E controsensi, cortocircuiti: nick tipo “neoromantico” e “no sex” con sfondi di palmizi e animaletti e Biennali e archistar e poi subito invii di fotografie e foto e pratiche delle più estreme con orifizi e interstizi. Perché la forza e la furbata di Grindr è stata anche l’adattarsi all’etica puritana Apple, dunque le zozzerie sì ma in privato, dunque ecco la maggior parte della forza lavoro Grindr (dodici persone su quaranta) impegnata nella sede di Los Angeles nell’approvazione delle foto-profilo, che tollerano al massimo il costume da bagno, quasi mai la mutanda, il genitale venendo immediatamente bocciato (in pubblico) da questa commissione di bioetica tutta interna. Dunque il trionfo del pettorale, consentito e considerato come il blazer sul jeans, capetto da esibire in ogni occasione, fa fino e non impegna. Ecco dunque Gps e satelliti in orbita a geolocalizzare senza sosta pettorali globali, oliato e glabri oppure raramente irsuti, quasi sempre senza testa, che arriverà solo dopo, in privato, on demand, con altri pezzi, in una specie di format statuario tipo “Portable classic” già accusato d’essere mercificatorio per il corpo maschile.

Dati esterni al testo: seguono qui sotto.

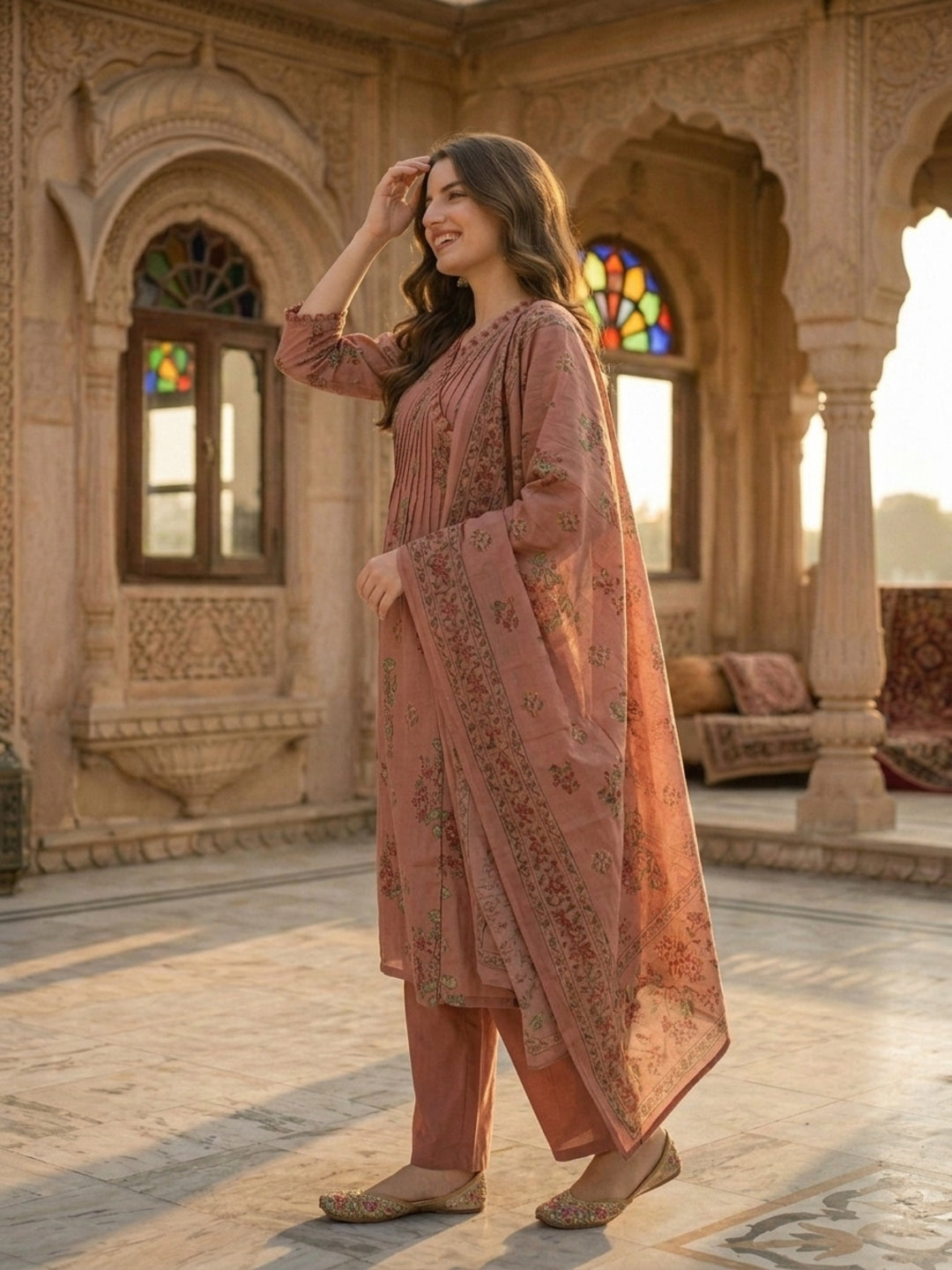Floral Printed Embroidered Pleated A-Line Kurta with Palazzo and Dupatta - Rose Gold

Però Joel Simkhai non ha mai fatto finta che si trattasse d’altro: «Grindr è un’esperienza transattiva», ha detto al quotidiano israeliano Haaretz. Orgoglioso delle sue origini come ogni piccolo imprenditore, ha detto che acchiappare su Grindr «è come il mercato dei diamanti, un tempo andavi alla Borsa e mostravi la tua mercanzia, portavi fuori i clienti a cena con la famiglia, adesso si fa tutto online». Se Philip Roth fosse più furbo dovrebbe subito farci un romanzo sulla famiglia Simkhai, dai diamanti a Grindr, e vincere finalmente il Nobel a mani basse con una storia di formazione queer tra stilisti e diamanti e Silicon Valley, sbaragliando tutte le scrittrici femmine anche di Paesi molto sofferenti.